Fachleute mahnen zu Vorsicht

Fachleute mahnen unterdessen vor einer leichtfertigen Einnahme. Die häufigsten – moderaten – Nebenwirkungen sind bisherigen Studien zufolge gastrointestinale Probleme, zum Beispiel Übelkeit, Erbrechen und Durchfall. Hinzu kommt offenbar auch ein potenziell erhöhtes Risiko für Netzhautschäden bei Diabetikern. Wegovy nennt auf seiner Website auch noch mögliche Nebenwirkungen wie unter anderem Entzündungen der Bauchspeicheldrüse, Gallensteine, ein Risiko für niedrigen Blutzucker und Sehstörungen bei Typ-2-Diabetikern.

Sowohl die EMA als auch die entsprechende US-Behörde FDA erwähnen auf dem Beipackzettel von Wegovy, dass Semaglutid bei Nagetieren Schilddrüsentumore verursacht. Die Auswirkungen auf Menschen seien unbekannt. Die FDA rät von der Einnahme von Wegovy ab, wenn bei Patienten in der Familie Schilddrüsenkrebs aufgetreten ist.

EMA überprüft Abnehmmittel auf mögliche Risiken

Bedenken gibt es aber auch, was den Einsatz der Abnehmmittel bei psychisch kranken Menschen betrifft. Der Sicherheitsausschuss der EMA begann im Juli eine Überprüfung der Arzneimittel Ozempic und Wegovy (Wirkstoff Semaglutid) sowie Saxenda (Wirkstoff Liraglutid). Kontrolliert würden Daten über das Risiko von Suizidgedanken und Gedanken an Selbstverletzung.

Die Überprüfung der GLP-1-Rezeptor-Agonisten werde voraussichtlich im November abgeschlossen, hieß es. Sie sei von der isländischen Arzneimittelbehörde veranlasst worden, nachdem Berichte über Suizidgedanken und Selbstverletzungen bei Patientinnen und Patienten, die Liraglutid und Semaglutid einnahmen, eingegangen waren.

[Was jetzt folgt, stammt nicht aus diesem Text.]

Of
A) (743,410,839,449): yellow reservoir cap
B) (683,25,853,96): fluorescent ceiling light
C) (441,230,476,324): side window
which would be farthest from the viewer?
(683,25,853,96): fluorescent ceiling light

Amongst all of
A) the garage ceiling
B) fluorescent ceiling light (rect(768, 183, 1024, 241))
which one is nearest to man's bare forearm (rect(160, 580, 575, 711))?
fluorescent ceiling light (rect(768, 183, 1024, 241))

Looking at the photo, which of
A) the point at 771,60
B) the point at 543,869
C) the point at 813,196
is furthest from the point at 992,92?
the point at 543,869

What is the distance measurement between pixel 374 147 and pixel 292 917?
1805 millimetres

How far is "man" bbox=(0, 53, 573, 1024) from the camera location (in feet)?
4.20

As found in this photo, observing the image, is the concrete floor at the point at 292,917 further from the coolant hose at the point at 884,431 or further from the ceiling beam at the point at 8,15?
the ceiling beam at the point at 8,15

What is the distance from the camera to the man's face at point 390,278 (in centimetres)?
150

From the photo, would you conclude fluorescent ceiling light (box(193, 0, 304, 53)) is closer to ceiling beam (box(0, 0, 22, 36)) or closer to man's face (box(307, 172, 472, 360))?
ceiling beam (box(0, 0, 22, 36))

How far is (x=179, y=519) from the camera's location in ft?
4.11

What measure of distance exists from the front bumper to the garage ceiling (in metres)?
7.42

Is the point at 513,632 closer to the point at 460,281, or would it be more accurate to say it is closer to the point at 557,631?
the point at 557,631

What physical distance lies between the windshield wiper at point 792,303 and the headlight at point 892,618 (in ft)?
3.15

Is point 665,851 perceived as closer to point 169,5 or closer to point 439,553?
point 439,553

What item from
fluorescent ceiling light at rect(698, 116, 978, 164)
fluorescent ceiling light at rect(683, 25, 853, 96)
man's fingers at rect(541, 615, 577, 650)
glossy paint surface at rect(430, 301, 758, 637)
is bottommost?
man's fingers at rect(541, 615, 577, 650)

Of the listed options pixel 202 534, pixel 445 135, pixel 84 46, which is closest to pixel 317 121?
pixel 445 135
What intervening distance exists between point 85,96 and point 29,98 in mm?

In den USA und Kanada, wo sich die Abnehmmittel einer regen Nachfrage erfreuen, warnten Anästhesistinnen und Anästhesisten zudem vor gefährlichen Komplikationen im Zusammenhang mit medizinischen Eingriffen. Konkret wurde beobachtet, dass sedierte Patientinnen und Patienten beim Einsatz von Abnehmmitteln zunehmend Nahrung oder Flüssigkeiten inhalierten, weil deren Mägen noch voll waren. Dabei wurden Standardempfehlungen, wonach sechs bis acht Stunden vor der OP nicht gegessen werden soll, eingehalten. Im schlimmsten Fall könnte das zu einer Lungeninfektion oder gar dem Tod führen, warnte der US-Anästhesist Ion Hobai.

Hype um Appetitzügler hält an

Die Abnehmspritze Wegovy, die Mitte 2021 in den USA und kürzlich auch in Deutschland auf den Markt kam, hat dem dänischen Pharmakonzern Novo Nordisk zu Rekordumsätzen verholfen. Der Markt für Adipositasmedikamente wächst derzeit rasant. In Österreich ist Wegovy nicht erhältlich, für Ozempic ist eine chefärztliche Verschreibung nötig.